What to do → Once the images are set aside, print the remaining lines below exactly.

Given data →

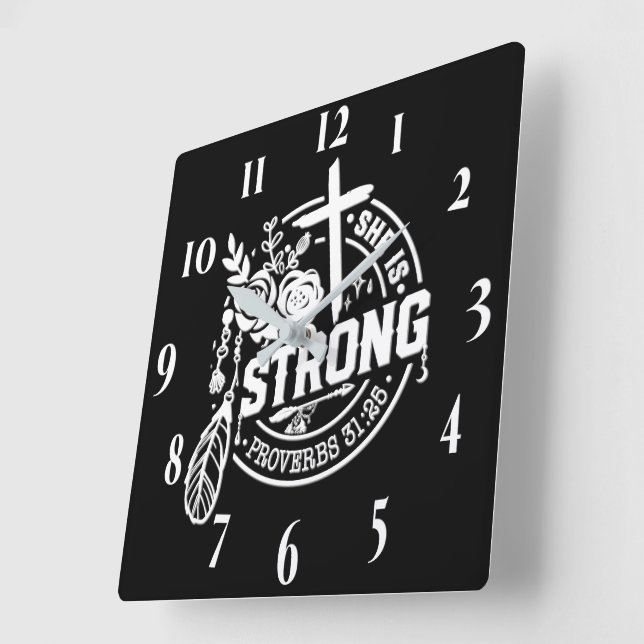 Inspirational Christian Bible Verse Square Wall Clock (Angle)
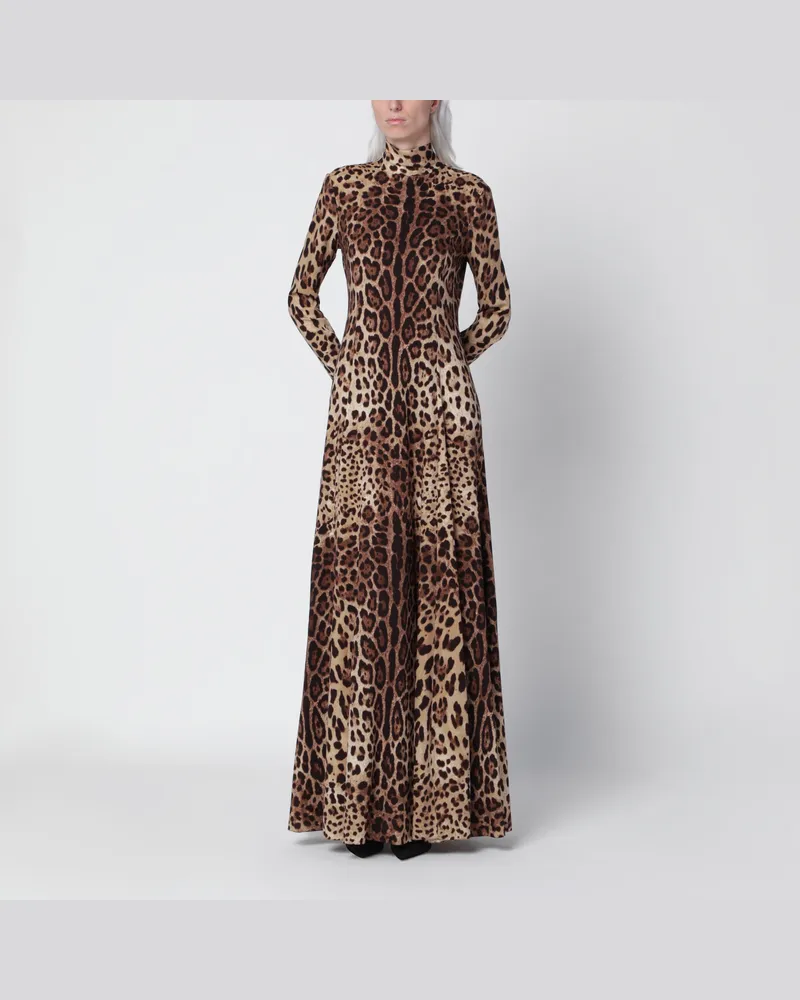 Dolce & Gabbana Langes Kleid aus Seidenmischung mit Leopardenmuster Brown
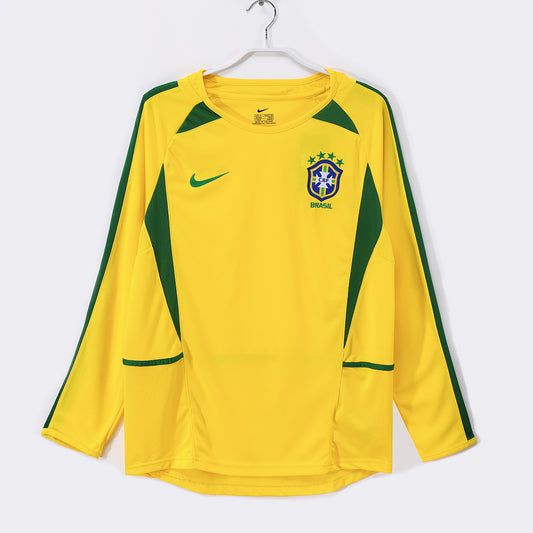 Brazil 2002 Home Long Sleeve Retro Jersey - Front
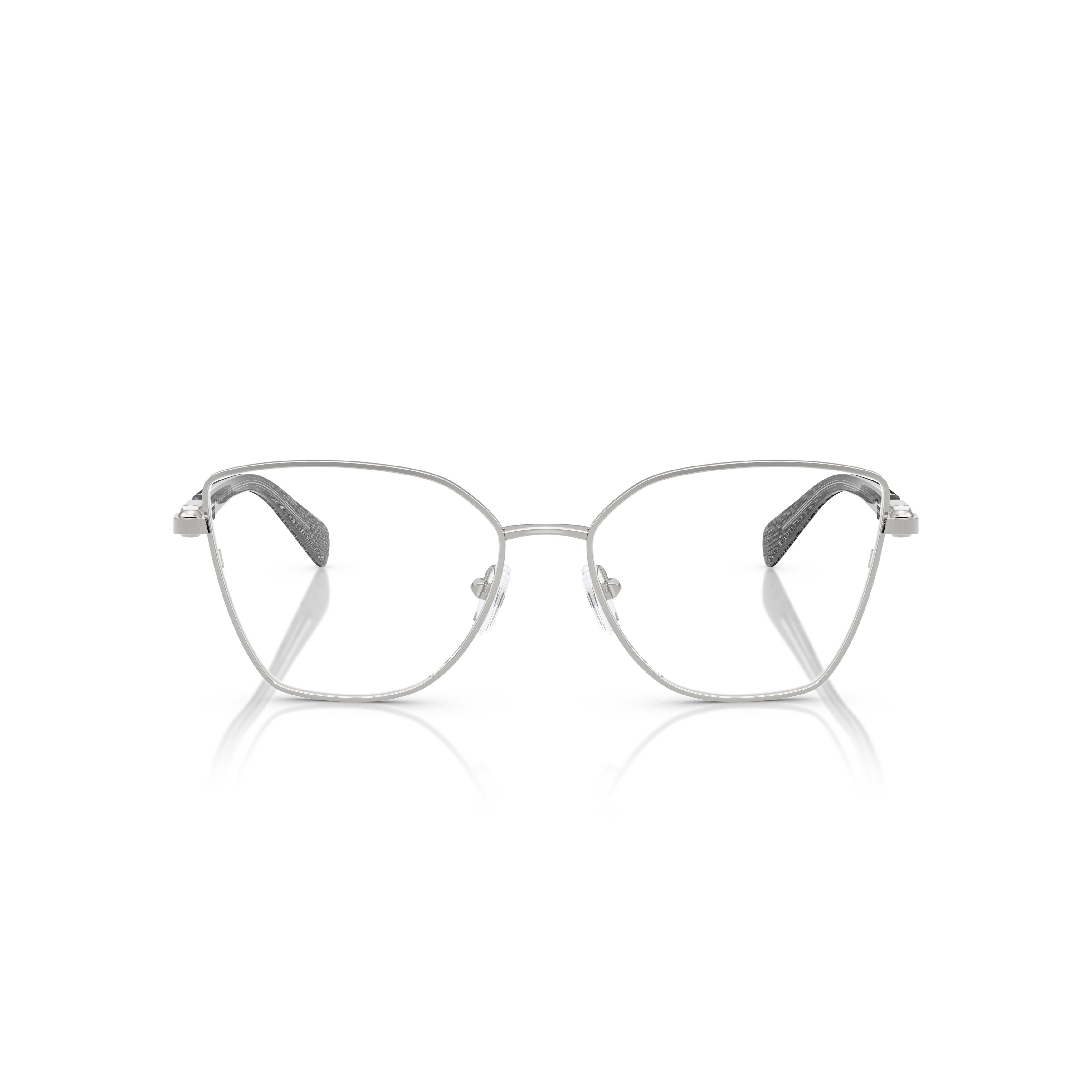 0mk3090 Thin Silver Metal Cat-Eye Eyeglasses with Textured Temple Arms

Answer to the problem →
 Inspirational Christian Bible Verse Square Wall Clock (Angle)
 Dolce & Gabbana Langes Kleid aus Seidenmischung mit Leopardenmuster Brown
 Brazil 2002 Home Long Sleeve Retro Jersey - Front
 0mk3090 Thin Silver Metal Cat-Eye Eyeglasses with Textured Temple Arms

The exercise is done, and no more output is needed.